*** Information provided

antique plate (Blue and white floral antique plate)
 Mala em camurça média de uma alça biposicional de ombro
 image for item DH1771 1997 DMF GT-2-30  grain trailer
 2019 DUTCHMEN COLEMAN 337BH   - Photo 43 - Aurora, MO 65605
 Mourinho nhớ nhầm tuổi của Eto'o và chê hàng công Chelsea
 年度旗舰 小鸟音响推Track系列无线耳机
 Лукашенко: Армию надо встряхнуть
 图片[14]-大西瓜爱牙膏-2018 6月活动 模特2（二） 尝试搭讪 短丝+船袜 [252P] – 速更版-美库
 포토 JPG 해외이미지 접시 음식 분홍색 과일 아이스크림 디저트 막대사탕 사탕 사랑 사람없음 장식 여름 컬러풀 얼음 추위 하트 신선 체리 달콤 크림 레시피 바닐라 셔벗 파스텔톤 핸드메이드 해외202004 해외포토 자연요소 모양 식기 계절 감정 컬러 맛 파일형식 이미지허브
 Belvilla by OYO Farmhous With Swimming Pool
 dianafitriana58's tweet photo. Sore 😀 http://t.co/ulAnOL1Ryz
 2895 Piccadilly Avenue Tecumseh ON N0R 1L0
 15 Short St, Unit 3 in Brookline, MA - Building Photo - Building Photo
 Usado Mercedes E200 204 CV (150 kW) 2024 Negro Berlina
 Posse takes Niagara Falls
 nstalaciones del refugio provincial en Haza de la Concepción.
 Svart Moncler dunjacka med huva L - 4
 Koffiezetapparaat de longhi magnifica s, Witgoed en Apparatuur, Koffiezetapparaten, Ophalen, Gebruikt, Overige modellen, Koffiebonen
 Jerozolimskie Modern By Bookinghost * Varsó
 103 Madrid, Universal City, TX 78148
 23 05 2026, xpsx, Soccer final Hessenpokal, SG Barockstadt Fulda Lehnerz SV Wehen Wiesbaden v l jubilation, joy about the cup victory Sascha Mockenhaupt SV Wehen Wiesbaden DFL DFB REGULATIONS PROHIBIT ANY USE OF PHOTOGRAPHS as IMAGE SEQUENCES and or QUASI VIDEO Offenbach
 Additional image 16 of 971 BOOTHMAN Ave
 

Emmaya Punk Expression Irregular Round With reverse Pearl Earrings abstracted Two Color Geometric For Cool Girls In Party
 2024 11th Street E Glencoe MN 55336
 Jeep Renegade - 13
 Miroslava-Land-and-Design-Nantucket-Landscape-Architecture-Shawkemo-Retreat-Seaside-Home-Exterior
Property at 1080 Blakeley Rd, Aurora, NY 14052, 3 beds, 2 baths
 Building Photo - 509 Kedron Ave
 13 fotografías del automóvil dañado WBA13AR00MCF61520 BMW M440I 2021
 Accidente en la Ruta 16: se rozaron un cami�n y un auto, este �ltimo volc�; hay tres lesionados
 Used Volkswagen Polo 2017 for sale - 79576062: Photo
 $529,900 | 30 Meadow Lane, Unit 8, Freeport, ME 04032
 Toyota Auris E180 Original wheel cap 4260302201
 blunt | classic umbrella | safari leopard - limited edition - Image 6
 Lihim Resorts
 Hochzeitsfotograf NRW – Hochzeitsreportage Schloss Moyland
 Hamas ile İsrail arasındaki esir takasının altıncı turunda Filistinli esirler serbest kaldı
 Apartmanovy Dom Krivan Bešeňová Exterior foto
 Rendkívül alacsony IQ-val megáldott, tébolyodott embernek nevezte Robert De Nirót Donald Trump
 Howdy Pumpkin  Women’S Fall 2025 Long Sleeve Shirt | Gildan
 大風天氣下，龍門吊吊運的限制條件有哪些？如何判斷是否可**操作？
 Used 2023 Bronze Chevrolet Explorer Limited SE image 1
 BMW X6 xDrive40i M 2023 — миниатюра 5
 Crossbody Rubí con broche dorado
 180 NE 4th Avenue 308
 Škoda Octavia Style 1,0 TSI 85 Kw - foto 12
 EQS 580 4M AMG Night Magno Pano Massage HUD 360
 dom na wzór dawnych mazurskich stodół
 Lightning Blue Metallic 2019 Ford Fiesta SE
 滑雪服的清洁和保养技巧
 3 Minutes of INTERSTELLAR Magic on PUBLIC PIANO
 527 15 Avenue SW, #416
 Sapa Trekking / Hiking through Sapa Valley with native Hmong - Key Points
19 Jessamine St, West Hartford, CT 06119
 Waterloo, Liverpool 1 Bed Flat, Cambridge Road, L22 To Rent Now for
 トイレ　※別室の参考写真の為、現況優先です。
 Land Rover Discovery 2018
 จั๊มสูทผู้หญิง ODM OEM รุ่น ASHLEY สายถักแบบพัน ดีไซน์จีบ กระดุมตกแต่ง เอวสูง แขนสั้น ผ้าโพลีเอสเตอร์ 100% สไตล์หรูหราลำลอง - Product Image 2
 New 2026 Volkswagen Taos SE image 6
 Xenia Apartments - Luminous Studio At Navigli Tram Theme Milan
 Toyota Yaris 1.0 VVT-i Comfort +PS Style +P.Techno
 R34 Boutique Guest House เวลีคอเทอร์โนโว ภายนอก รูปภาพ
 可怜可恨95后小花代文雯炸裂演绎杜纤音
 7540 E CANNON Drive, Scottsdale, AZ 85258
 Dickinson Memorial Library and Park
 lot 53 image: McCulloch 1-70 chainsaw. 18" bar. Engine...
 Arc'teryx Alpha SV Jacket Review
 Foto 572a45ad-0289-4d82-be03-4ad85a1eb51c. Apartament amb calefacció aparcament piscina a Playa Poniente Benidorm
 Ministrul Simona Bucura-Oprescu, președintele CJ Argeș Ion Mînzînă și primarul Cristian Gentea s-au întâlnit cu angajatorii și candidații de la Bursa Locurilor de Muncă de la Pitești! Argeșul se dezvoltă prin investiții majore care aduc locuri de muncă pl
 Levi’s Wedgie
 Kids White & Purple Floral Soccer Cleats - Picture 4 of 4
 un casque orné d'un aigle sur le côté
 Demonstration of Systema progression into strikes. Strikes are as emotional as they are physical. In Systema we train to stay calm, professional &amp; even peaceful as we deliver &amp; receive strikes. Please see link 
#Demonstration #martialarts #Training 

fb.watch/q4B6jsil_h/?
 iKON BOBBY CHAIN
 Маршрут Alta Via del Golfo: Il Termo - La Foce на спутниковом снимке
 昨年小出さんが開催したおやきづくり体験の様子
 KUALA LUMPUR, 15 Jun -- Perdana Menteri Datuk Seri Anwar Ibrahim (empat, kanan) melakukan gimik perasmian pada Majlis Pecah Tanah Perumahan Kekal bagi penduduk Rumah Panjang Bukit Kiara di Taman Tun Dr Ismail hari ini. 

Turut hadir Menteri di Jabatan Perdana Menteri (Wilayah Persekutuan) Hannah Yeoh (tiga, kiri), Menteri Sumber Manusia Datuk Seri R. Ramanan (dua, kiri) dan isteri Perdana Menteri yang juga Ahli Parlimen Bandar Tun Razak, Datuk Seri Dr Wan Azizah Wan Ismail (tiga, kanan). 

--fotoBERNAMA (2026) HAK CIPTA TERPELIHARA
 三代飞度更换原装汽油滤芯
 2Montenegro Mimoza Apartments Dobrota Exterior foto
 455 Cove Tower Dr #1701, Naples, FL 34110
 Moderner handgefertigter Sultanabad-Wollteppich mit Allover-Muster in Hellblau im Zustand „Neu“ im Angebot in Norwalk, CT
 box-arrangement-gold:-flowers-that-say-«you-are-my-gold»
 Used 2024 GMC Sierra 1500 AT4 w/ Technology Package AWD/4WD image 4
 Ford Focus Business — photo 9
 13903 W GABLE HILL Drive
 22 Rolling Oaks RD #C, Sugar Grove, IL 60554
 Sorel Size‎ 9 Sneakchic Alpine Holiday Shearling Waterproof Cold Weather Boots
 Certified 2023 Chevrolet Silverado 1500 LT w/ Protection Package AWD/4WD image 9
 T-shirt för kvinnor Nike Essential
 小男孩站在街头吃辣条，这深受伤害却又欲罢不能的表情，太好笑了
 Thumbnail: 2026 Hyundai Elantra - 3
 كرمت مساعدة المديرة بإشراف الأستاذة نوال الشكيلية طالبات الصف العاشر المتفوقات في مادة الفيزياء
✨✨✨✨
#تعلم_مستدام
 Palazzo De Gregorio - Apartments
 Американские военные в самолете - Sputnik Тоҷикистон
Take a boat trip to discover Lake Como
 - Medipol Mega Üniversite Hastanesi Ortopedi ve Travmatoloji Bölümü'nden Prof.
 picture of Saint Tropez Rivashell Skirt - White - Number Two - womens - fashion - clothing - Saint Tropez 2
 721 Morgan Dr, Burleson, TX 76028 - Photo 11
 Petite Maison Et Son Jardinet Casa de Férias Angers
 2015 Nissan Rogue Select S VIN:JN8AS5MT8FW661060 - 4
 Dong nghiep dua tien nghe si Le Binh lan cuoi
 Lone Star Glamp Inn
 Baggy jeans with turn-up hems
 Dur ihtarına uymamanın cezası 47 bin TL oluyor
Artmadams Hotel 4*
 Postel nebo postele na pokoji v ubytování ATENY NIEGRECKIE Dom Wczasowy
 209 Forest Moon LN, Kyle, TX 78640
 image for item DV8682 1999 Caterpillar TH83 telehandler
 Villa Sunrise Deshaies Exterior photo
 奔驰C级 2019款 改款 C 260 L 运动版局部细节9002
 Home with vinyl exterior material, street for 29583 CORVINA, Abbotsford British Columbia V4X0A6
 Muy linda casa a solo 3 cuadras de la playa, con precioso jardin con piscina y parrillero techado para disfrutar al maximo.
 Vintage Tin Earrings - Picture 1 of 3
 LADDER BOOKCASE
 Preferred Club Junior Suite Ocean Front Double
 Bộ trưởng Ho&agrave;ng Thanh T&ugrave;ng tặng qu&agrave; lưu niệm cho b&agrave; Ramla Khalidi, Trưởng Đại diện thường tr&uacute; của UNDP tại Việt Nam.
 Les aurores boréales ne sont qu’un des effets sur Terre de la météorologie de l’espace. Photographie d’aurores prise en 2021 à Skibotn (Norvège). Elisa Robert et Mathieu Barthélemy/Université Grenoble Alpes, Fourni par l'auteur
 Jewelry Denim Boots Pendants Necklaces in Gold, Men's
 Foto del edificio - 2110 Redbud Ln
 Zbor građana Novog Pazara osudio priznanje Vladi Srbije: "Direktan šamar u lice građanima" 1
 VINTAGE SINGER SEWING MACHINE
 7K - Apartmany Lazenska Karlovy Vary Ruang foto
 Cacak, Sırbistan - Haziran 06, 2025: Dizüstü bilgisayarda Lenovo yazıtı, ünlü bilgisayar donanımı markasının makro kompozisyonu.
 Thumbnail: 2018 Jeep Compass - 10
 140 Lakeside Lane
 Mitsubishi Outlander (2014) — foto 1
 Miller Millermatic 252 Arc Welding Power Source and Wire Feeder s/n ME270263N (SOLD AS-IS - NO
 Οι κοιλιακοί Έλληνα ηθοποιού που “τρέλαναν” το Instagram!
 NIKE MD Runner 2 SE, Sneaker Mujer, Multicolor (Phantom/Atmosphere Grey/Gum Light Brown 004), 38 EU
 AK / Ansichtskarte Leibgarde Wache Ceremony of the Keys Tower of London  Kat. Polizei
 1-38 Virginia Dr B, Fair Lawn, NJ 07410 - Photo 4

******

## About this task
The lines to extract from the data above begin with the line containing "Artmadams Hotel 4*" and end with the line containing "140 Lakeside Lane". Extract them exactly, including both.

## Your solution
Artmadams Hotel 4*
 Postel nebo postele na pokoji v ubytování ATENY NIEGRECKIE Dom Wczasowy
 209 Forest Moon LN, Kyle, TX 78640
 image for item DV8682 1999 Caterpillar TH83 telehandler
 Villa Sunrise Deshaies Exterior photo
 奔驰C级 2019款 改款 C 260 L 运动版局部细节9002
 Home with vinyl exterior material, street for 29583 CORVINA, Abbotsford British Columbia V4X0A6
 Muy linda casa a solo 3 cuadras de la playa, con precioso jardin con piscina y parrillero techado para disfrutar al maximo.
 Vintage Tin Earrings - Picture 1 of 3
 LADDER BOOKCASE
 Preferred Club Junior Suite Ocean Front Double
 Bộ trưởng Ho&agrave;ng Thanh T&ugrave;ng tặng qu&agrave; lưu niệm cho b&agrave; Ramla Khalidi, Trưởng Đại diện thường tr&uacute; của UNDP tại Việt Nam.
 Les aurores boréales ne sont qu’un des effets sur Terre de la météorologie de l’espace. Photographie d’aurores prise en 2021 à Skibotn (Norvège). Elisa Robert et Mathieu Barthélemy/Université Grenoble Alpes, Fourni par l'auteur
 Jewelry Denim Boots Pendants Necklaces in Gold, Men's
 Foto del edificio - 2110 Redbud Ln
 Zbor građana Novog Pazara osudio priznanje Vladi Srbije: "Direktan šamar u lice građanima" 1
 VINTAGE SINGER SEWING MACHINE
 7K - Apartmany Lazenska Karlovy Vary Ruang foto
 Cacak, Sırbistan - Haziran 06, 2025: Dizüstü bilgisayarda Lenovo yazıtı, ünlü bilgisayar donanımı markasının makro kompozisyonu.
 Thumbnail: 2018 Jeep Compass - 10
 140 Lakeside Lane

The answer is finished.